Think of a food hub as the middleman who makes life easier for small producers. Instead of a farmer with a few acres having to drive all over town trying to sell their produce, they can drop it off at the hub, which handles the processing, storage, marketing, and distribution to bigger buyers like grocery stores or institutions. This grant program is designed to build that infrastructure where it’s currently lacking, giving these farmers a reliable, high-volume path to market.
Crucially, the bill requires the USDA to prioritize purchasing products from these socially disadvantaged farmers—including those using the new food hubs—when buying food for federal domestic assistance programs, like school lunches. This means more reliable, large-scale contracts for these producers. To make this happen, the Secretary of Agriculture is allowed to waive certain federal contracting rules, like full and open competition, if those rules are acting as a roadblock. While this waiver authority is intended to lower barriers for small farmers, the Secretary must report any such waiver to Congress within 10 days, ensuring there’s a check on how often and why standard procurement rules are bypassed (Sec. 2).
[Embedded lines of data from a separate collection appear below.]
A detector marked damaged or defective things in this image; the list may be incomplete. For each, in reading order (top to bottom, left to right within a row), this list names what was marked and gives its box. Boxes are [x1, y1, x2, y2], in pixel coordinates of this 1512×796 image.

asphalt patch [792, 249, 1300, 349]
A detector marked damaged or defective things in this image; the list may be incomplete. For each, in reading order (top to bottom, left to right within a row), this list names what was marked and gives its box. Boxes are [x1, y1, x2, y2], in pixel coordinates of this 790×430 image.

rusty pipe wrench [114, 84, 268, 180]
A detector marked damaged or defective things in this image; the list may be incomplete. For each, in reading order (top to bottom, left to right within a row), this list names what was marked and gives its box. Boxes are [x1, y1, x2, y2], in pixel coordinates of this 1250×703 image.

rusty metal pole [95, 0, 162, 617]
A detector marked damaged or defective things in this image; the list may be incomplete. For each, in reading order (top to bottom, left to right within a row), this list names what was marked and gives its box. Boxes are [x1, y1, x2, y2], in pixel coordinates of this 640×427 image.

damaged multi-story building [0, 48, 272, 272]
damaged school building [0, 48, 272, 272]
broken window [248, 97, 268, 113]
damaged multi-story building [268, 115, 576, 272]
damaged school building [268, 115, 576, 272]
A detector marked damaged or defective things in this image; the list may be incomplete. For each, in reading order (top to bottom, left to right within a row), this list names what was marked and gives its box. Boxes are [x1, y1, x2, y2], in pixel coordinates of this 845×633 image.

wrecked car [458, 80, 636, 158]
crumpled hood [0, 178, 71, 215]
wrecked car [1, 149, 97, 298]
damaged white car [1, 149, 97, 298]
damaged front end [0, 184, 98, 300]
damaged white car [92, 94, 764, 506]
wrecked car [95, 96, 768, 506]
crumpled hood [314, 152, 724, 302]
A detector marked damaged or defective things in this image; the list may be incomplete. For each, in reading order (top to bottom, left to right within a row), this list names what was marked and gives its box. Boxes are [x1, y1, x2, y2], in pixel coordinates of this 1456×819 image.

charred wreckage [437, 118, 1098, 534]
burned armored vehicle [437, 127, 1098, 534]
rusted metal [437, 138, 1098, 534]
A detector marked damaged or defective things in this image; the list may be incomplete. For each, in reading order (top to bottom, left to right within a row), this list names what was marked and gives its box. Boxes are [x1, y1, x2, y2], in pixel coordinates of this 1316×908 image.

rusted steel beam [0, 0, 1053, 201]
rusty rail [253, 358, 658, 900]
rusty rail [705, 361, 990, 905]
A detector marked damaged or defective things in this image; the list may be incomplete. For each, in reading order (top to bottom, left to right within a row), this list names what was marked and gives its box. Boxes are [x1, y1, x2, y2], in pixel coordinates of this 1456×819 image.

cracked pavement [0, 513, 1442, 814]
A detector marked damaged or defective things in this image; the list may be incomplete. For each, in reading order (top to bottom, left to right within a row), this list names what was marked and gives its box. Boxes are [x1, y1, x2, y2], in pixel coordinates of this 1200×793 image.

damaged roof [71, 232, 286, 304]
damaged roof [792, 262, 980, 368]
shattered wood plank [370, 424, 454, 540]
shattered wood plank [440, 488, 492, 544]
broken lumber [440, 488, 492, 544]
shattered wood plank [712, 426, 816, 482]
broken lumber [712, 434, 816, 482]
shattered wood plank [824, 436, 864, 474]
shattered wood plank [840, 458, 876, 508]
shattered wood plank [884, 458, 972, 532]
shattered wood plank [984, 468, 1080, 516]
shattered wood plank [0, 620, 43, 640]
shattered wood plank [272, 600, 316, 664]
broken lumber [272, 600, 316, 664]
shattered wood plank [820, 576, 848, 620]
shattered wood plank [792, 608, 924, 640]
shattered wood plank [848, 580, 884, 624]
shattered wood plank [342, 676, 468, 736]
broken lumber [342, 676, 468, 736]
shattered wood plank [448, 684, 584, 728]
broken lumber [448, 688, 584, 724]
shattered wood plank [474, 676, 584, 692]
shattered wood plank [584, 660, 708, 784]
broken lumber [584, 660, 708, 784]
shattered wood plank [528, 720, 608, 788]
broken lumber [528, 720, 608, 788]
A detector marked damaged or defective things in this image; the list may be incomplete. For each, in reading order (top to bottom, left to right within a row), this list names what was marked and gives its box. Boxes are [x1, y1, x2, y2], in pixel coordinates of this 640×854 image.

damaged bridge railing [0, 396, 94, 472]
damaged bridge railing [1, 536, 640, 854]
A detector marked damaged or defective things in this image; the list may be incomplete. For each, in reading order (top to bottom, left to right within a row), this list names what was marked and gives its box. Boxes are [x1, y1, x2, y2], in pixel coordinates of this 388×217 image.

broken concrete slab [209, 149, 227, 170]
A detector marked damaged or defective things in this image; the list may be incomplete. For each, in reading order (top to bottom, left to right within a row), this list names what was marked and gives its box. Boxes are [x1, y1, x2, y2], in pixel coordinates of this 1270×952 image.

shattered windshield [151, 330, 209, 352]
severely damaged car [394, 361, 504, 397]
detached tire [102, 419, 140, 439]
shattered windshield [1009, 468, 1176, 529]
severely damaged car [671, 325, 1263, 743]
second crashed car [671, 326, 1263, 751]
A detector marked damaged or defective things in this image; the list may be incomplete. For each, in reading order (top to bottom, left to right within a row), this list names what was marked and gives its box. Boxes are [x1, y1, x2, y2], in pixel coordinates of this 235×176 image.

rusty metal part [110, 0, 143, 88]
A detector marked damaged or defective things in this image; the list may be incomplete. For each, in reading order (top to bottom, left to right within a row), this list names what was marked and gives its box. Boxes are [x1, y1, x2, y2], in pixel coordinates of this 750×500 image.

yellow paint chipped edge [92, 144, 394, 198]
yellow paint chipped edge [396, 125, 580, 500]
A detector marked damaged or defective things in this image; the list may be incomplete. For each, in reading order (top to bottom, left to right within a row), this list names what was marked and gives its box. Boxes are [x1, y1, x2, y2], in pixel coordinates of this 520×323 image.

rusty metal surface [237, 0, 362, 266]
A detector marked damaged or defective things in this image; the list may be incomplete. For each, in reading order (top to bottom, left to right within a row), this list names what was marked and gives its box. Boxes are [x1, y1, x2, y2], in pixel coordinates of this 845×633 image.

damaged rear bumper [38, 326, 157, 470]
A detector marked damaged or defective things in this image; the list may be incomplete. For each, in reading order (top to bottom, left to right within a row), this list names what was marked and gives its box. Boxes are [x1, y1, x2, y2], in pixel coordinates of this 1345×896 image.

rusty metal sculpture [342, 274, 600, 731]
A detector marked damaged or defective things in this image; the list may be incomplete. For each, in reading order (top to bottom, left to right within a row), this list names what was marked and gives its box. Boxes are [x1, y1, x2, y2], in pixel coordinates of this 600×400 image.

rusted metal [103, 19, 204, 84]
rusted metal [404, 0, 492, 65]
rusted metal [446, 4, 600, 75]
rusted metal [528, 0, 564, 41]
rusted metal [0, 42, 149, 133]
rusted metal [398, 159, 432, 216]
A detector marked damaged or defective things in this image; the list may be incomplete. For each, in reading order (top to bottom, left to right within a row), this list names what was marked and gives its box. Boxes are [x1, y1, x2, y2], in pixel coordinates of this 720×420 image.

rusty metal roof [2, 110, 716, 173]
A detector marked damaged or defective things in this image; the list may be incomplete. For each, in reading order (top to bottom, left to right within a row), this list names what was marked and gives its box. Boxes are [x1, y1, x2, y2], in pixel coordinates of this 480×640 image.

Section 3 introduces a brand-new tax incentive: the Agriculture Hub Credit. Taxpayers can claim a credit equal to 25% of their “qualified food hub expenses.” Qualified expenses are defined as purchases of agricultural food products from a food hub that was developed or expanded under the new grant program, provided the contract is certified by the Secretary of Agriculture. Essentially, if you’re a business or institution buying from one of these grant-supported hubs, you get a quarter of that expense back as a tax credit. This is a direct financial nudge to encourage buyers to source their products from these specific hubs, bolstering the demand side of the equation. The credit starts applying to tax years beginning after December 31, 2025, and ends when the grant program is officially complete.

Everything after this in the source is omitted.